What is needed is every line from the one holding "From last time, I" to the last line of the data below, printed exactly and without pictures.

[Provided records]

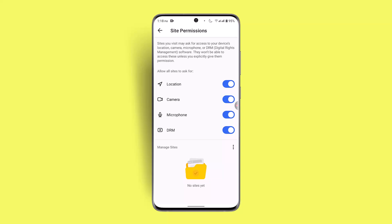After you go to Site Permissions, you'll find a lot of options you can enable. You can also see the Microphone option. If it's currently off, just toggle the button, and when it turns blue it indicates that you've enabled or turned on the microphone on DuckDuckGo.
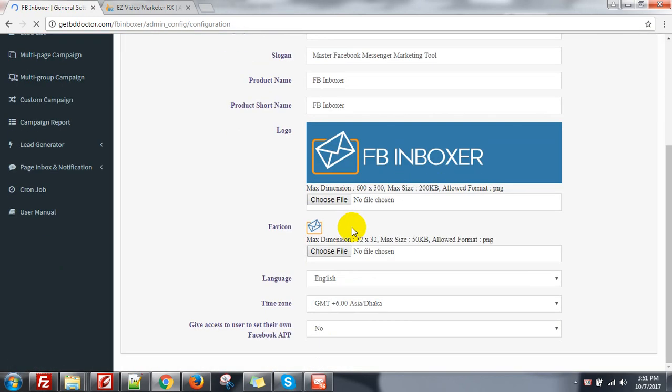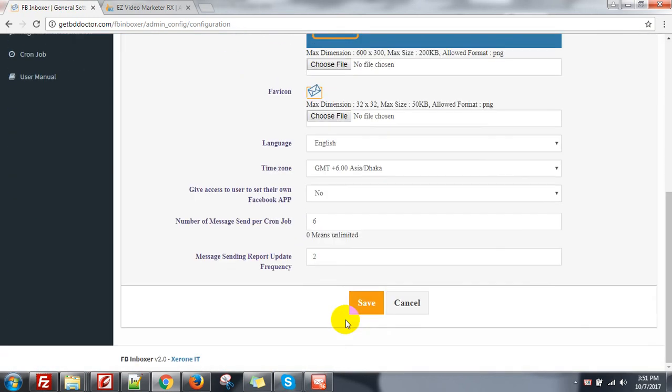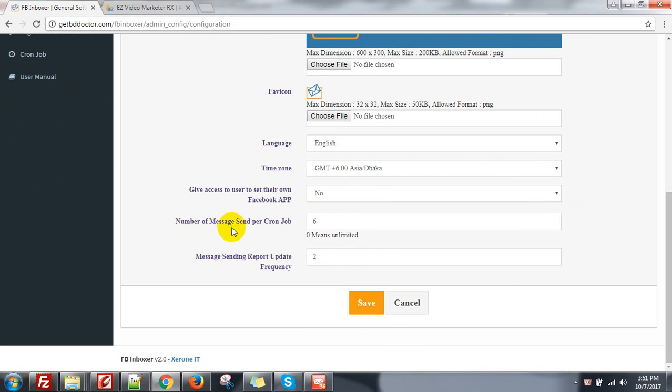At the last, there are two options: number of messages sent per cron job and message sending report update frequency. What is it? Number of messages sent per cron job means every time the cron job runs, it will take the number of messages for sending.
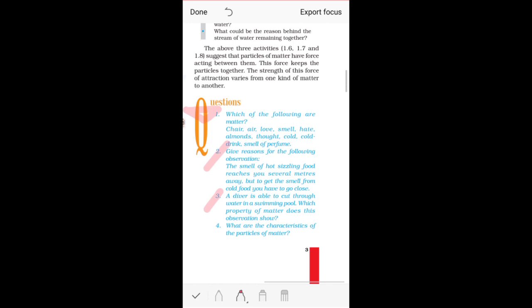Question three: A diver is able to cut through water in a swimming pool. When we go to a swimming pool and go into water, we can cut through water. Which property of matter does this observation show? You have to tell which property of matter helps you do that. Again, you need to go through the properties of matter.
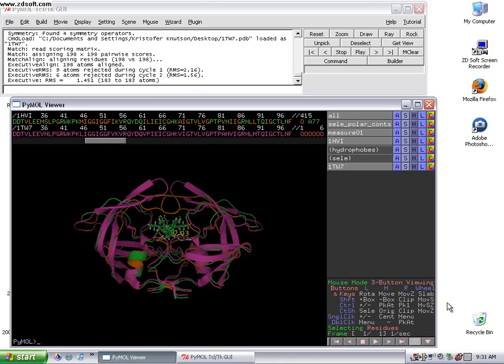From last time, I was talking about looking at two structures and seeing what is the difference conformationally. Is there a huge difference between the two structures?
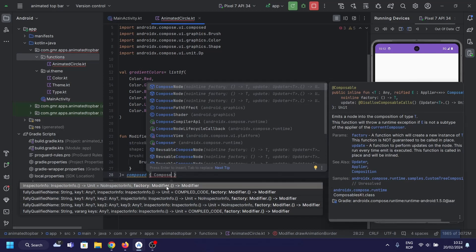The Composed function is a Compose function used for combining multiple modifier instances.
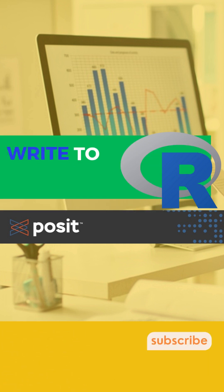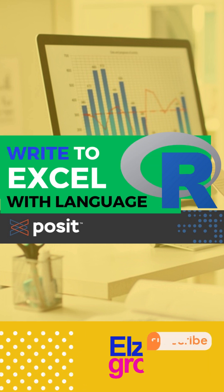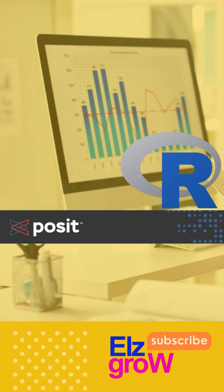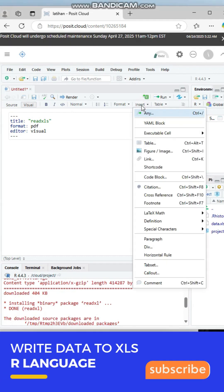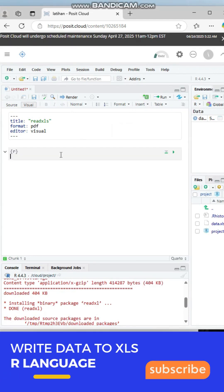Write data to file Excel with R language. Let's start by clicking the insert menu, select the executable cell and click R.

[/Provided records]

Result of the task:
From last time, I was talking about looking at two structures and seeing what is the difference conformationally. Is there a huge difference between the two structures?
The Composed function is a Compose function used for combining multiple modifier instances.
Write data to file Excel with R language. Let's start by clicking the insert menu, select the executable cell and click R.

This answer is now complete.